_The task_:
Could you set down exactly the lines of the data below, starting at the one that holds "Gallery image thumbnail" and ending at the one that holds "Ferrari 296 Coupé usata a Milano (6)", both included, and only those?

_Supplied information_:
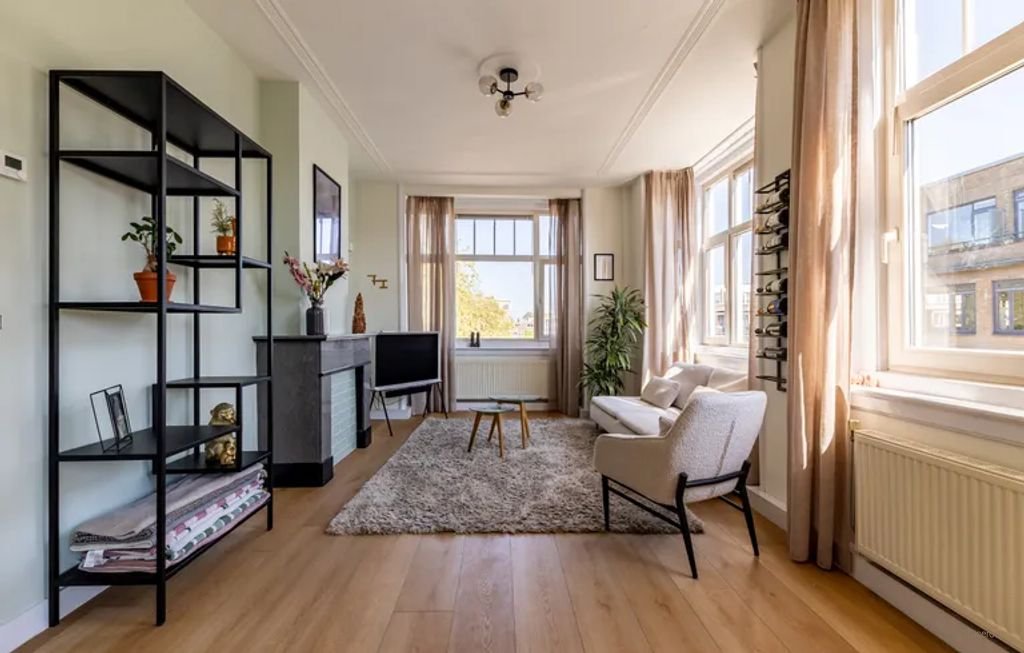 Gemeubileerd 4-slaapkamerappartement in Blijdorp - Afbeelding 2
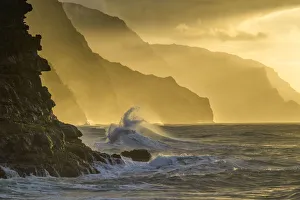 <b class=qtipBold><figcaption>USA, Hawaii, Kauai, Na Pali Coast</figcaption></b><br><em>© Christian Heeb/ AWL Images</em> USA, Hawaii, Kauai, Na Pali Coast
* * *
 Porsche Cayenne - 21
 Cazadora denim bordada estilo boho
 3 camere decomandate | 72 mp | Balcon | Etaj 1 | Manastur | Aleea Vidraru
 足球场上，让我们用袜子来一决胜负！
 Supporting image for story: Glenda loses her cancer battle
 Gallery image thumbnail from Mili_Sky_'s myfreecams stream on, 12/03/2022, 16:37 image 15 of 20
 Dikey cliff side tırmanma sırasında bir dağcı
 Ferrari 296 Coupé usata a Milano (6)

_Your response_:
 Gallery image thumbnail from Mili_Sky_'s myfreecams stream on, 12/03/2022, 16:37 image 15 of 20
 Dikey cliff side tırmanma sırasında bir dağcı
 Ferrari 296 Coupé usata a Milano (6)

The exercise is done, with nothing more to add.